Les courriels émis de la messagerie professionnelle mise à la disposition du salarié sont présumés revêtir un caractère professionnel, à moins que le salarié ne les identifie comme étant personnels (Cass. soc. 15 décembre 2010, n° 08-42.486), étant précisé que les courriels et fichiers intégrés dans le disque dur de l’ordinateur mis à la disposition du salarié par l’employeur « ne sont pas identifiés comme personnels du seul fait qu’ils émanent initialement de la messagerie électronique personnelle du salarié » (Cass. soc. 19 juin 2013, n° 12-12.139).

L’employeur ne peut valablement prendre connaissance des messages personnels émis et reçus par les salariés grâce à un outil informatique mis à leur disposition, même au cas où il aurait interdit une utilisation non professionnelle de l’ordinateur (Cass. soc. 2 octobre 2001, précité).
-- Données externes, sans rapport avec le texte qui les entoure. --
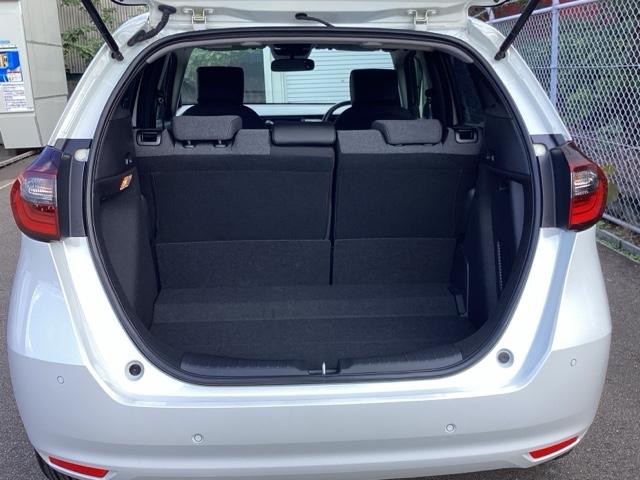 フィット ｅ：ＨＥＶホーム　ＨｏｎｄａＣＯＮＮＥＣＴｆｏｒＧａｔｈｅｒｓ＋ナビ装着用スペシャルパッケージ　クリソナ　助手席エアバッグ　運転席エアバッグ　アイドリングストップ　ＬＥＤライト　ＵＳＢ接続　バックカメラ　ＡＢＳ　ＶＳＡ（18枚目）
Toutefois, l’employeur peut recourir au juge, sur requête ou en référé, en vue d’obtenir une ordonnance mandatant un huissier pour prendre connaissance des messages personnels d’un salarié dans le cadre de la procédure prévue par l’article 145 du Code de procédure civile, s’il existe un motif légitime de conserver ou d’établir avant tout procès la preuve de faits dont pourrait dépendre la solution d’un litige (Cass. soc. 23 mai 2007, n° 05-17.818), étant précisé que, dans cette affaire, l’huissier avait rempli sa mission en présence du salarié.

Saisie de la requête d’un ressortissant roumain, qui invoquait la violation de l’article 8 de la CEDH, la Cour européenne des droits de l’homme a considéré, dans un arrêt récent, qu’un employeur peut, sans violation de l’article susvisé, vérifier que ses salariés accomplissent leurs tâches pendant les heures de travail en accédant à un compte Yahoo Messenger, créé pour répondre aux demandes des clients et par lequel il s’est avéré que des messages personnels avaient été échangés en violation du règlement intérieur (CEDH, 12 janvier 2016, Barbulescu c. Roumanie, n° 61496/08).

Dans la même lignée, les messages écrits (short messages service ou SMS) envoyés ou reçus par le salarié au moyen du téléphone mis à sa disposition par l’employeur sont présumés avoir un caractère professionnel, en sorte que l’employeur est en droit de les consulter en dehors de la présence de l’intéressé, sauf s’ils sont identifiés comme étant personnels. La production en justice des messages non identifiés comme étant personnels par le salarié ne constitue donc pas un procédé probatoire déloyal (Cass. com. 10 février 2015, n° 13-14779, rendu après avis de la chambre sociale, avis Cass. 13 novembre 2014, n° 13-14.779).

Nul doute que le contentieux en la matière va continuer de s’intensifier au regard de l’utilisation toujours croissante de la messagerie électronique dans toutes ses formes (courriels, SMS, plates-formes de communication en ligne, etc.).